**Recorded information:**
#####

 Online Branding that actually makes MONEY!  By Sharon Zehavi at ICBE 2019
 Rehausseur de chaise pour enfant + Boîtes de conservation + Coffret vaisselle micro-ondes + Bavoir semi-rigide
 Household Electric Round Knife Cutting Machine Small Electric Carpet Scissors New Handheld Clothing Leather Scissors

#####

**Work instruction:** Return each line of the data above verbatim.

**Output of the task:**
 Online Branding that actually makes MONEY!  By Sharon Zehavi at ICBE 2019
 Rehausseur de chaise pour enfant + Boîtes de conservation + Coffret vaisselle micro-ondes + Bavoir semi-rigide
 Household Electric Round Knife Cutting Machine Small Electric Carpet Scissors New Handheld Clothing Leather Scissors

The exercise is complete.